A perfect day. A challenge to all the days to come.

 

new, old…

…future forgotten

This morning, the TV asks a question which ignites a discussion which gets me thinking.

Good thing. I had no idea what to think about, today.

“Do you like the classic Looney Tunes or are the new Looney Tunes your favourites? Vote at….” in that annoying kids network announcer voice.

“What do you vote, dad?”

“Hands down the old Looney Tunes.”

Geez, now I feel like the old geezer who always chooses stuff from his generation over current stuff.

Stuff reassures…especially old stuff.

Yet, I’ve spent most of my life using, abusing and throwing away stuff. old and new.

“Me, I like the new ones better. The drawings are like cooler and the lines are way funnier.”

“Yeah, but its not the same voices.”

Mel Blanc used to do them all.  I rememember a wonderful homage in Variety Magazine the day he died…all the Looney Tunes standing in silence, hands on their hearts.

The new Bugs, Daffy and the rest have voices that resemble but are not the original. And they will become the new originals. Pity.

“Yeah, dad, the first time I saw them I thought like ‘hey what’s that?’. They didn’t sound like they were themselves. But now its ok.”

“But is it better?”

Everything old is eventually forgotten. Or worse… remade.

Classic movies, classic cars, classic fashions are all rethought, remade and sold again. New/old….Nold.

They’re even redoing the Three Stooges.

“I don’t know, dad. You know, maybe I like them both. I hate choosing…just haaaaate choosing.

“But the TV asked the question?” I am a little perverse.

“Yeah, but they just want you like to log in, you know, so that when you’re on their website, you buy stuff.” Media savvy little man that I have.

It’s 1984 all over again.

Remaking history, modifying, retelling it….so there is no longer any real memory, no facts, just a vague, manipulated shadow of what really was.

In Orwell’s vision it was an all powerful government.

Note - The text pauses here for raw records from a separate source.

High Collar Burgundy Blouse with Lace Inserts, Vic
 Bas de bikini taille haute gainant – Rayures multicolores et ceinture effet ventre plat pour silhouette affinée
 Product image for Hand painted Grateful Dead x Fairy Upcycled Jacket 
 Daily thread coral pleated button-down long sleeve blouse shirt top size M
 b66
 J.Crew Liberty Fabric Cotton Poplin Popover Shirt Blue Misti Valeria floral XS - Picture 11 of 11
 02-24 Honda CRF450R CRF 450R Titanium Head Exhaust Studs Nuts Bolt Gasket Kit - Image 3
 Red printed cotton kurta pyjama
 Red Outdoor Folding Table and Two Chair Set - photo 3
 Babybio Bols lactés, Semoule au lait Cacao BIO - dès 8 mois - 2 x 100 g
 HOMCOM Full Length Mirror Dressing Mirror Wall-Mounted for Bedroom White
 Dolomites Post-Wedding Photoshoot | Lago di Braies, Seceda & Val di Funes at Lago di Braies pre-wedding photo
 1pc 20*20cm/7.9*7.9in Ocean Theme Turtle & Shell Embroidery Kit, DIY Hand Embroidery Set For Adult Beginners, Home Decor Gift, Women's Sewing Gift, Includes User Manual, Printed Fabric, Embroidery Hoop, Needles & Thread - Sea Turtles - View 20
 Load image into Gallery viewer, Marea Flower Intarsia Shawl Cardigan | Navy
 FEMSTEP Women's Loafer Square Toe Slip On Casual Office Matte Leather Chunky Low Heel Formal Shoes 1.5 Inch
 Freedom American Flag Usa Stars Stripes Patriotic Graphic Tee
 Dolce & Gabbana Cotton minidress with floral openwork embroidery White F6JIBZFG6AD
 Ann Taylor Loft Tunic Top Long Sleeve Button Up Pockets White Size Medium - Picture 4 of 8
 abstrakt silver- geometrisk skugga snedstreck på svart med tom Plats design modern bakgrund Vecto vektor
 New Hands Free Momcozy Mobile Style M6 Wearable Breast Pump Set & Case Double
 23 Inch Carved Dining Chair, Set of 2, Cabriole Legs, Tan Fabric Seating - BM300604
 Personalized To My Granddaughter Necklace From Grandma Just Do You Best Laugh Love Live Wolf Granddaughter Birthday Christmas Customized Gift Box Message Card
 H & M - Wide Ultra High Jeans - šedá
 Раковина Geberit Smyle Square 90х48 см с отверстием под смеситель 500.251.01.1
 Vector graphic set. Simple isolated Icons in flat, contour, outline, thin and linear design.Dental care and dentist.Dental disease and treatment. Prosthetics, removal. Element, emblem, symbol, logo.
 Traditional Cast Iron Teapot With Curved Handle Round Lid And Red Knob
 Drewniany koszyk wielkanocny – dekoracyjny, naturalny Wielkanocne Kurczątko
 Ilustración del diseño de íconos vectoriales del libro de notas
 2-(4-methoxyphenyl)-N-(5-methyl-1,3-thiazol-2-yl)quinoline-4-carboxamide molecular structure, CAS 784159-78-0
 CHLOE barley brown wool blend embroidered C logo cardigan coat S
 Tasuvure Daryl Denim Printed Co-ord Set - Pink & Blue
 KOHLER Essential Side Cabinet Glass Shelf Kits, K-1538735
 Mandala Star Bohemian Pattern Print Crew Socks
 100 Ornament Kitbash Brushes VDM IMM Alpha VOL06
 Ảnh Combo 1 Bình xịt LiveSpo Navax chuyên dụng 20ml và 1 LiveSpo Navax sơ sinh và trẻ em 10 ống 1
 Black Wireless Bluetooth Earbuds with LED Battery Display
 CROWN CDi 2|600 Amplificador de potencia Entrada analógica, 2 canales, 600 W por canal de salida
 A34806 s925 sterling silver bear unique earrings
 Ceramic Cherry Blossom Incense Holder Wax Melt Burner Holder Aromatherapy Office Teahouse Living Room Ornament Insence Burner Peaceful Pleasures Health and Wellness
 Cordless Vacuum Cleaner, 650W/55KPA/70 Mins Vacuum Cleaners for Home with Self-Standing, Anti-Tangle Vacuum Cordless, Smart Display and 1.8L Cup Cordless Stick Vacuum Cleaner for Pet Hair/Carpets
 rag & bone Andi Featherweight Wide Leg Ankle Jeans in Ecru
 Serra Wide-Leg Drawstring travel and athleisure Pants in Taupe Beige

He got that wrong…its all powerful money that sucks out meaning.

A scandal which leads to dire consequences.

Exhibit One: Bugs Bunny now lives in a bungalow with Daffy (I can hear the right wing cries that it celebrates a gay lifestyle) and drives a car.

“But it would be cool, eh dad, if like our neighbor was a rabbit who lived with a duck?”

“Weird.”

“And cool.”

I can’t get into this constant reinvention.  What’s the point of doing anything if it only becomes fodder for the future, which will also be forgotten as soon as it comes about?

“Oh, that’s so funny…did you hear that, dad? Bugs said … ”

Damn, I missed the punchline. Too busy trying to figure out the meaning of the joke.

 

 

don’t…

…touch

This morning my boy sobbed, real hard, a dry hacking sob that shook his tiny frame.

I instantly swept him up into my arms. Held him as hard as he was sobbing.

“I’ll get her back, dad, I promise.”

My heart exploded. Again.

Like a Looney Tune cartoon where a predictable disaster keeps happening to the coyote in ever more original variations.

Noah was talking about his babysitter.

I thought of his mother, who left years ago in a dramatic meltdown. Does he feel responsible?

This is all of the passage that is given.